Wireless communication ranging from WiFi to car door locks has become ubiquitous. Emerging technologies such as wireless sensor networks and the internet of things (IoT) are increasing the demand for wireless devices many-fold. In particular, wireless devices with low production costs, small size (i.e., high degree of miniaturization), and reduced power consumption are in high demand. Lowering the power consumption of and developing new power scavenging strategies for wireless devices is particularly important since long battery life is critical to many applications in these networks. In this regard, in order to develop smaller and less costly devices, both the radio and the accompanying central processing unit (CPU), flash memory, random access memory (RAM), and digital interface blocks of the wireless devices may need to shrink. In general, the devices can be miniaturized by following Moore's law and using ever smaller integrated circuit fabrication technologies. However, many radio architectures are not compatible with lower power supply voltages and reduced headroom voltages, with wider device mismatch, and with peculiar device behaviors resulting from small transistor feature sizes. Additionally, the large die area occupied by inductors prevalent in many traditional radio designs do not shrink at all with the minimum feature size of a technology.

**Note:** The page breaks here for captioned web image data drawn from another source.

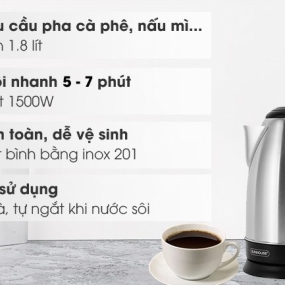 Ấm đun siêu tốc Sunhouse 1.8 lít SHD1182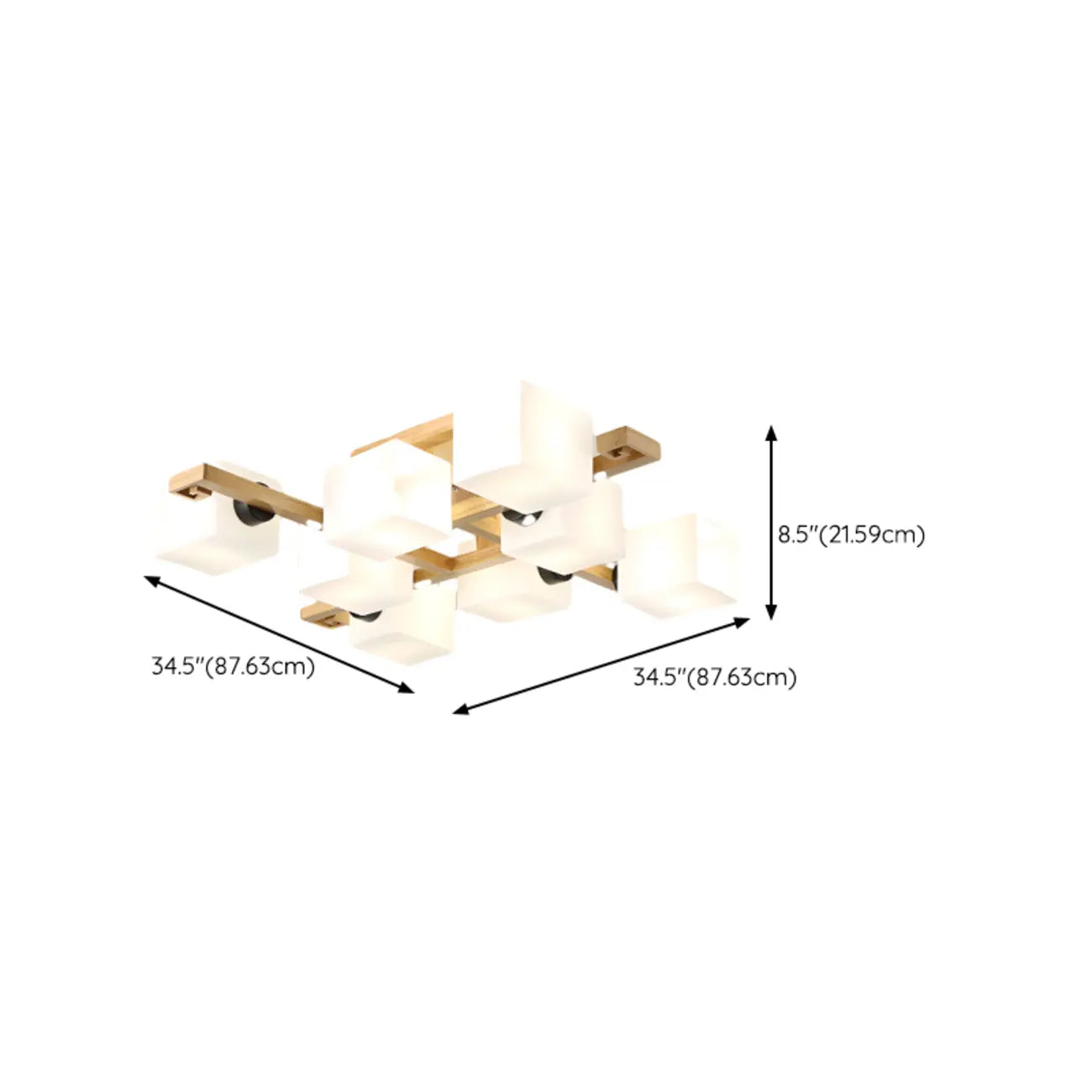 8.5 Height Square Glass Natural Wood Semi Flush Ceiling Light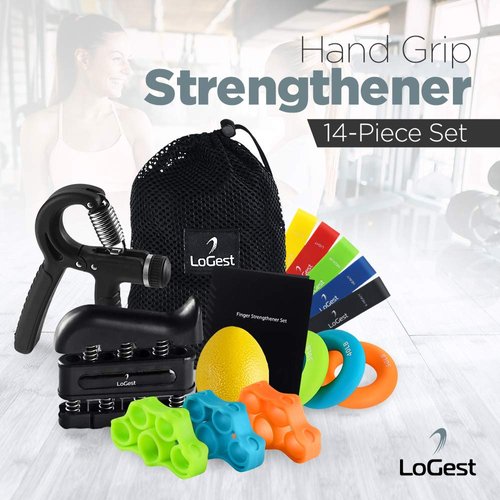 14 Pack Hand Grip Strengthener Set Forearm Adjustable Resistance Hand Gripper, Finger Exerciser, Finger Stretchers, Grip Rings hand exerciser, Stress Relief Grip Ball, Finger Bands Hand Strengthener.
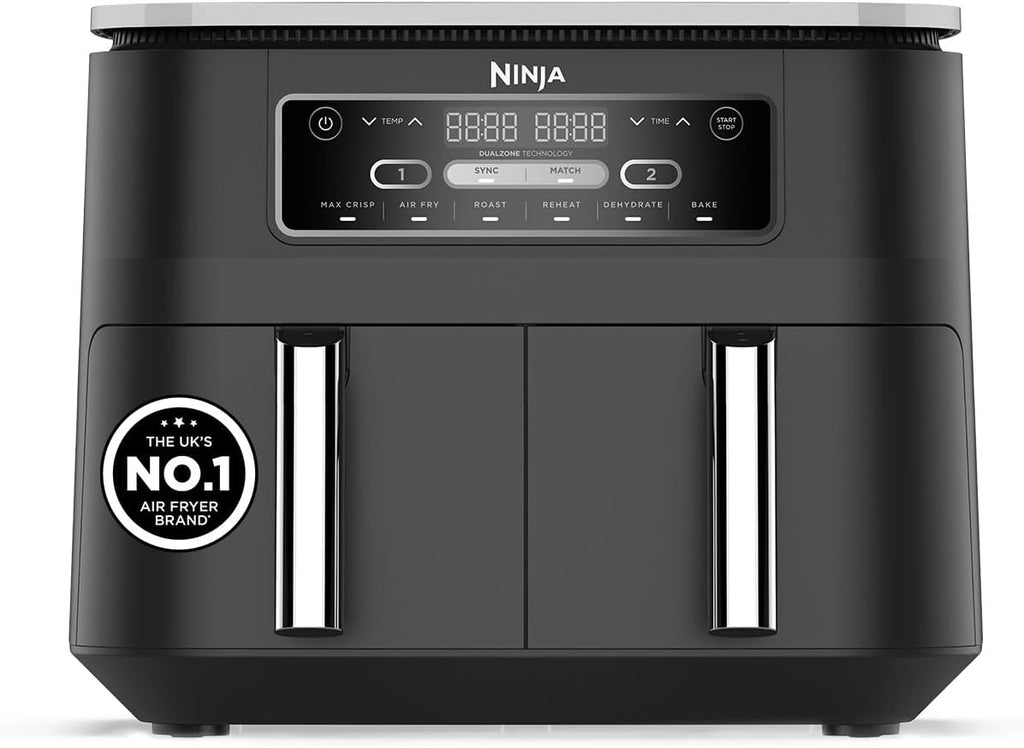 Ninja Foodi Dual Zone Digital Air Fryer, 2 Drawers, 7.6L, 6-in-1, Uses No Oil, Air Fry, Max Crisp, Roast, Bake, Reheat, Dehydrate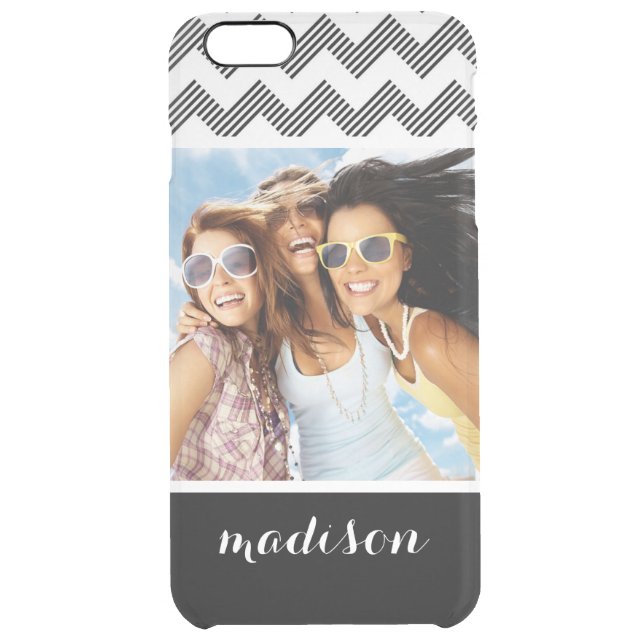 Custom Photo & Name Geometric zigzag pattern Uncommon iPhone Case (Back)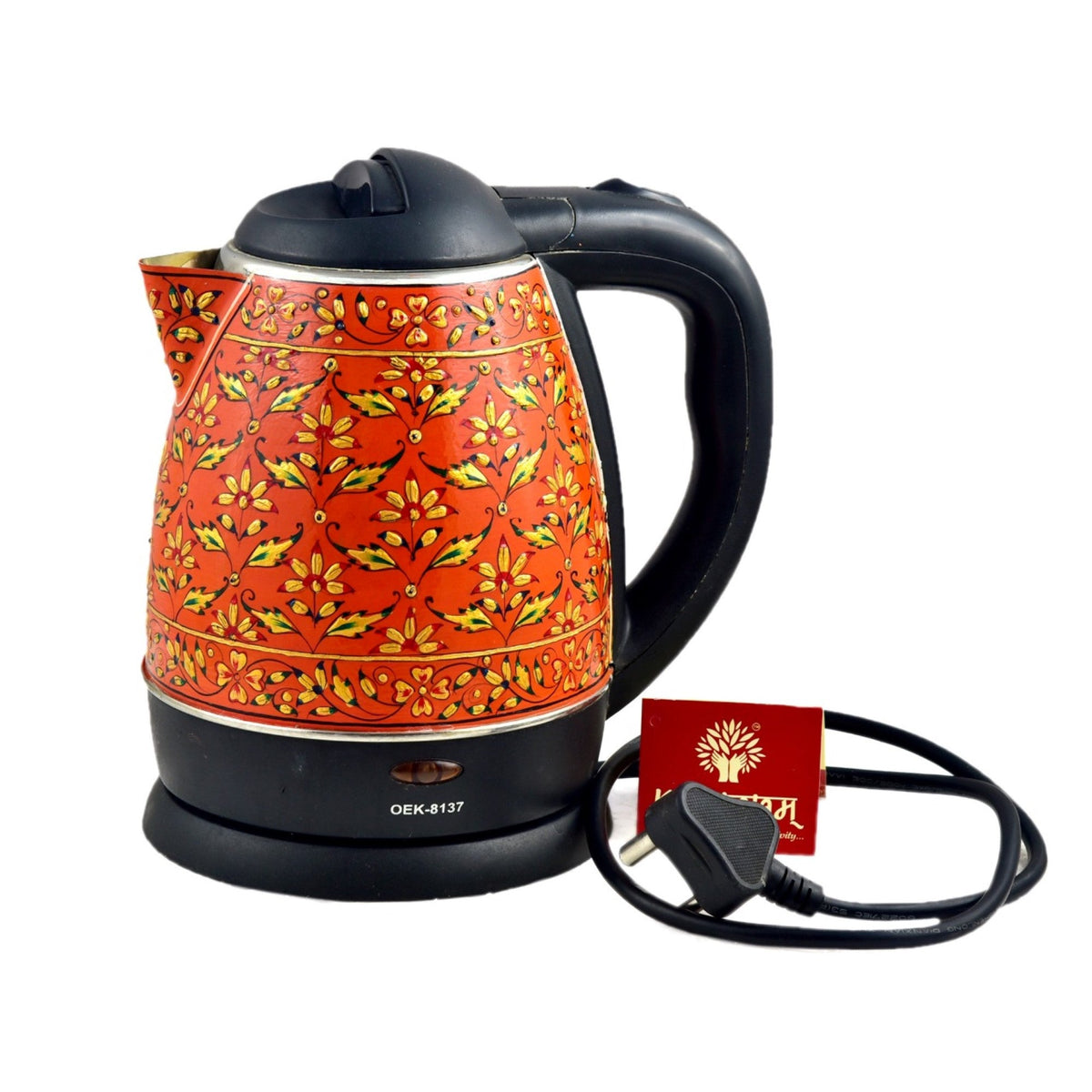 Hand painted electric tea kettle: Mughal painting Pichwai painting kettle —  Discovered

Certain wireless transmitter architectures generate a pair of Cartesian baseband signals called in-phase (I) and quadrature-phase (Q) signals. The I and Q signals are nominally orthogonal, and the I and Q signals are combined and up-modulated to RF frequency in the transmitter using a mixer or an image-rejection mixer. The mixers typically require careful design and substantial power to produce accurate signals. The mixer output signals are amplified to full power for transmission using amplifiers. The signal transmission method using I and Q signals is particularly wasteful for low power modulation wireless standards such as IEEE 802.15.4 or Bluetooth which have a constant-amplitude envelope. In these standards, all of the transmission information is encompassed in the phase of the signal. An alternative approach is therefore needed which directly generates the phase without generating and processing an I-Q signal pair at baseband and then up-modulating to RF.
Hence, new circuit and device architectures are needed for providing transmitters and frequency synthesizer that are small and provide highly efficient transmission for use in wireless communication applications.